New Dog, New Blog?

Carole went down to the Russell Rescue last weekend to pick up Dash, who will be our third JRT. Call it a weakness. We just love the little suckers. Speaking of weakness, I didn't even make a post last week to note the tenth year of this blog, or some version of it. I began in October following my Fulbright year in Vietnam in 2000 - 2001. It certainly has been a busy fall -- I'm serving on a couple of departmental committees as well as trying to organize a student trip to Vietnam for the spring, teaching a new course, and preparing to teach another new course next term in the Honors Program. But I've been busy before without going completely silent in this space. I've been doing mostly drawing and painting in my free time, moving toward some kind of quasi autobiographical approach to those media and that seems to have drained my desire to write about myself here, though of course I ought to still be interested, on e would think, in the ostensible purpose of this blog, which is writing about reading. Perhaps as fall diminishes and winter settles in, I will want to setting in the warm glow of a computer monitor more often. Or not: the wood stove has its attractions, however lacking in intellectual rigor.

Author: jd

Joseph Duemer is Professor of Literature Emeritus at Clarkson University in northern New York state. His most recent book of poems is Magical Thinking from Ohio State University Press. Since the mid-1990s he has spent a good deal of time in Vietnam, mostly Hanoi. He lives with his wife Carole & five terriers (four Jack Russells & one Patterdale) on the stony bank of the Raquette River in South Colton.
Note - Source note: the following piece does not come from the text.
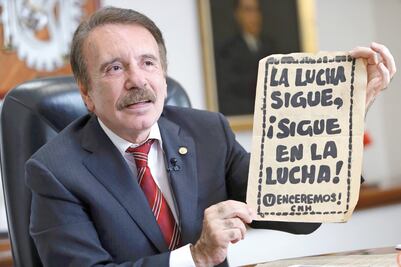 Director del Poli muestra archivo personal del 68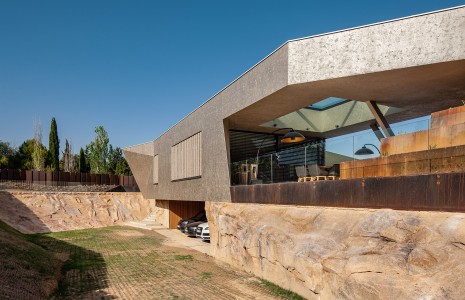 Casa Aragón, Huesca: geometría vanguardista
4 thoughts on “New Dog, New Blog?”

  1. Do you also publish your own poetry here? That will be one way to keep your blog going. One of my entries today was a very simple poem:

    “Fly to the Moon”

    We are too soft for the stone,
    too invasive, too fragile. When
    I was a little boy I used to
    think he could fly to the moon.

    1. I don’t usually publish my own poems — I tend to save them for “real,” which is to say, print, venues. It’s probably snobbish and old-fashioned, but I’m old enough that just sticking the poems out there on the internet seems like giving them away for free. Now, it’s not like I make much money — at least directly — from my poems, but they are a form of cultural capital that has translated into grants, promotions, etc. so they do have some value in the “real” world. I like your quatrain & was surprised by the very interesting & mysterious use of the pronoun “he” in the last line — I hope it’s not a typo for “we,” because I like bringing it back to “the little boy” the speaker once was.

  2. Yes, that was not a typo. I am impressed that you noticed. And thank you very much for visiting me.
    And I understand now why you don’t share your poetry here, makes sense to me.

    p.s. as a psych grad, my eyes still twitch when I hear about grants and grant writing.